Oh, Ole. As the second half kicked off at Old Trafford there were three possible outcomes confronting Ole Gunnar Solskjær as he surveyed his midfield.
First, Fred would be sent off almost immediately for a second yellow card. Second, Fred would be sent off almost immediately for a straight red card. And third, Fred would be sent off a bit later for any combination of the above.
There was something oddly admirable in Solskjær’s ability to defy this, to stare down the fates. But it didn’t actually help his team very much, in a game where Solskjær’s abrasive midfield and fast-breaking attack had briefly threatened to overwhelm Paris Saint‑Germain.
That United ended up losing 3-1 was only partly down to Solskjær’s failure to act. It was also a function of the brilliance of Neymar, the best player on the pitch either side of some grade A theatrics. But still, this was a failure to read the room, the player, the energy of the game.

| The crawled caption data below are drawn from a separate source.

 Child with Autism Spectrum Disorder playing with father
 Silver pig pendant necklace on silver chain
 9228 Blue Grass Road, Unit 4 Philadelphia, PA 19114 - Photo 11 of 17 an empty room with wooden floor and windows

The first moment of Fred red redemption came with 21 minutes gone, as United’s midfield fulcrum somehow avoided being sent off for leaning his forehead into Leandro Paredes in familiar angry‑stag motion. Paredes performed a classic dynamited‑chimneystack collapse in return, a move that is generally rewarded with a red card.
The referee Daniele Orsato resisted the urge. Incorrectly perhaps, although this kind of red often seems overly cinematic. In any case Fed seemed to have short‑term immunity. A few minutes later he stood on Paredes’s toe as Paredes went through him but went unpunished.
Try, try again. With 70 minutes gone Fred finally achieved a successful expulsion, hurling himself into another challenge and exhausting even the patience of Orsato. Solskjær, alone among the entire sentient population of planet earth in being unable to see this coming, had the gall to protest against the decision.
Two minutes earlier Marquinhos had put PSG 2-1 up, poking in from close range. And with that the game was broken open, and the stage clear for the other thing that had been happening – the irresistible bloom of Neymar – to take control of the end result.
What a wonderful, maddening footballer he is. For the first 20 minutes the world’s most expensive player was shark-like and beautifully focused, spinning about in a fluid No 10 role, heavy woollen gloves bunched at his sides.
He kept his feet. He ran off a blow to the knee. And he scored after five minutes with a supreme finish after fine work from Killian Mbappé. Three things made the goal. First Neymar dropped deep and pirouetted, laying off the ball in one movement. Then came a thrilling high-speed sidestep from Mbappé as he sprinted right at heart of the United defence.
Scott McTominay seemed to dematerialise, vanishing into Mbappé’s aura. The shot was deflected, bouncing across towards Neymar. He had time to wait, coil his body, then lash a first‑time shot past David de Gea. Neymar was a level above in those early moments, moving with a wonderful clarity, and not wasting his time in fripperies and jinks.
PSG broke after a United attack and Neymar took the ball in his stride so smoothly it looked like an optical illusion, a glitch in the game. He was barrelling along, possibilities swirling, a defence in retreat. Imagine a Neymar who only did this. Imagine the shadow career where he allows himself to be nothing more than a high-class predator.
At which point, enter: Bad Neymar. This was a credit to Solskjær, and to McTominay, whose job it was to offer some disruption.
McTominay fouled Neymar three times in two minutes before half‑time. It is an excellent tactic against a star player with all the extreme big-match focus of a toddler on a sugar high, a grand talent who has measured out his career in forward rolls, who still collapses into a childish funk at the slightest provocation.
United pressed back and found a weak spot of their own. Anthony Martial made the break, Aaron Wan-Bissaka played a smart pass, and Marcus Rashford saw his shot deflected in off Danilo.
For a while Neymar disappeared, McTominay following him around like a prison guard. United had their chance to win the game. Cavani hit the bar with a wonderful chip, executed with mind-bending precision at a full-speed sprint.
Tomas Tuchel did react in the moment, rejigging his team and insisting his front three stay high up the pitch. As Fred came and went Neymar had already refocused. For all the distractions, he has a parallel hunger to keep running to the end.
Here Neymar was relentless in the closing minutes. He scored PSG’s third, and also started the move with a slaloming run past the Harry Maguire-shaped carved mahogany armoire at the heart of United’s defence, before running 70 yards to apply the finish.
Almost but not quite for United and for Solskjær. The best managers are masters of these details, with a habit of spotting them before, not half an hour after, everyone else in the ground. That window to read the tides of this game came and went. Tuchel spotted his. Neymar’s brilliance did the rest.